The first time I noticed my thumb impairment interfering with an activity was when I tried to sign the letter B. I don’t bend that way. 

 

My daughter Rosalind studies ASL in high school. We’ve tried to identify other examples of sign language that are beyond my ability. I’m not sure whether I have the deaf equivalent of a lisp, a stammer, or a sexy accent.



When I was in law school, my dormmates and I mingled with townies at weekly Midnight Bowling. I discovered I could only bowl one game before it was all gutter balls. 


I surmised that my thumbs and missing tendon only had so much mileage in them. My theory was corroborated by my increasingly sore hands as the night went on, something I subsequently observed in other intense manual tasks. However, my ableist classmates still blamed the pitchers of beer.

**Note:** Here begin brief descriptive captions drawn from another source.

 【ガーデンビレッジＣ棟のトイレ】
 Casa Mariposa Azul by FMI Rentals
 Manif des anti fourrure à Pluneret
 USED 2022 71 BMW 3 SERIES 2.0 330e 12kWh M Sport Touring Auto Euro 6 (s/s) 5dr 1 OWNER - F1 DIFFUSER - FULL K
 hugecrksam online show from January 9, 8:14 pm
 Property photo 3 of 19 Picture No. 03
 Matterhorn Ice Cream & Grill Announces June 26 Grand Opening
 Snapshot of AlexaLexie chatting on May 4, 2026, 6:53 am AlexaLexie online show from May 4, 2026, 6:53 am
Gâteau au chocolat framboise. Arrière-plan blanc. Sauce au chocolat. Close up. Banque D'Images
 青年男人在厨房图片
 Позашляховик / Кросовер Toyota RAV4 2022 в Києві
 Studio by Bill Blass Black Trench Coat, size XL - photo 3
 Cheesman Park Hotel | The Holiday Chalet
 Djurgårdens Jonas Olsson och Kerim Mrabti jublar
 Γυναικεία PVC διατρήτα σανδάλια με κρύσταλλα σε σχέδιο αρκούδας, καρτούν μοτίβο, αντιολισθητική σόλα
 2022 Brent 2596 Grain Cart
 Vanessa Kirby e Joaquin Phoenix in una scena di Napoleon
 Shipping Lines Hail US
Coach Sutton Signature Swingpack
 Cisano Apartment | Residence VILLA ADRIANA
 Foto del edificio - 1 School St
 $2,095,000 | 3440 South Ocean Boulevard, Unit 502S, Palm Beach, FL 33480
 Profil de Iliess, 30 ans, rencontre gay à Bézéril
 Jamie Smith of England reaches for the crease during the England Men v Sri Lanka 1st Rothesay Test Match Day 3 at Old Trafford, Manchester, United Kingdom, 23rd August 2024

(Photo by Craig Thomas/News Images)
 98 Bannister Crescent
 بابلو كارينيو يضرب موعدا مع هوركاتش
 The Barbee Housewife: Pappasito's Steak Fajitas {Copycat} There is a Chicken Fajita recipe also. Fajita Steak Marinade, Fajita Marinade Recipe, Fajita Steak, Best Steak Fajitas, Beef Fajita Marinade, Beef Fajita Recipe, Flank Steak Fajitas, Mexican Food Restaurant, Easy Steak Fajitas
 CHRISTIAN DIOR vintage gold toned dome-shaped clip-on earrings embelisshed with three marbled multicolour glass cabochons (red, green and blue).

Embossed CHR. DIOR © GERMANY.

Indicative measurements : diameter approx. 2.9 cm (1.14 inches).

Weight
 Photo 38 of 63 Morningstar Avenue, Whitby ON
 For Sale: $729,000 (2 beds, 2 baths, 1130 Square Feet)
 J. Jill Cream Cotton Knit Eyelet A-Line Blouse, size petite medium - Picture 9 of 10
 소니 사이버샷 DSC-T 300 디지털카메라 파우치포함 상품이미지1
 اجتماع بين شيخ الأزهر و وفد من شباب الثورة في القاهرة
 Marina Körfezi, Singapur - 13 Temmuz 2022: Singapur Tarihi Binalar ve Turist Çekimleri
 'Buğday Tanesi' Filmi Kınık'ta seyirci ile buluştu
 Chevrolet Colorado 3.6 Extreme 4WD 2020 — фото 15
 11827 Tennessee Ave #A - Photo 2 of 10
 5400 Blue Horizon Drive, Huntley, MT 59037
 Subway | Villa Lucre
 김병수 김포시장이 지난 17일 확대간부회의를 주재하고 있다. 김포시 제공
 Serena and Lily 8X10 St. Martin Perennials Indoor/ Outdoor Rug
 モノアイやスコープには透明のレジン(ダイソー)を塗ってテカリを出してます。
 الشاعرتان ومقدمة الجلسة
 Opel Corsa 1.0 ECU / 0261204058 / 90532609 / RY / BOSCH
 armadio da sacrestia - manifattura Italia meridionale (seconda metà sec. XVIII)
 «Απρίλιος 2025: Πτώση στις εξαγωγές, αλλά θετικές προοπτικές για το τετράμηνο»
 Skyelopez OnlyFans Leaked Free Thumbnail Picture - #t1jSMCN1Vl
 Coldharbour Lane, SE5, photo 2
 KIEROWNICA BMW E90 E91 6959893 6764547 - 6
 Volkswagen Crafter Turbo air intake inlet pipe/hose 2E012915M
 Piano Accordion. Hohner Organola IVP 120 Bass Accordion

Although I’ve never smoked a cigarette, over the years I’ve had various occasions to operate a lighter or torch. They never work for me. 

 

This summer a visiting smoker friend asked for a light. I showed him the utility drawer where I’d tossed the various defective lighters that had found their way to the house over the years. They all worked for him. Apparently the engineers who design torches are willing to accommodate both left- and right-handers, but not people with semi-opposable thumbs.



As I recently wrote in “Dr. Heuristic, Foot Whisperer,” debilitating plantar fasciitis has prevented me from enjoying my daily walks with Bear. Ordinarily we average over ten miles a day. That much exercise is good for our physical health. It’s also essential for my mental health as well as my productivity as a writer. 

 

Several years ago I realized my big toes have the same missing knuckle and tendon as my thumbs. The foot exercises my doctor assigned to treat my plantar fasciitis require me to plant my heel on one end of a towel and pull the other end with my toes. I can’t do it. My big toes are too feeble.

 

Unless you count smoking pot, until now I had never identified a major life function that is limited by my deformity. But because the ADA includes both “walking” and “working” in its disability definition, I can now fit within the definition of a physical impairment. Maybe lawyers who don’t believe in mental illness will finally give me some respect.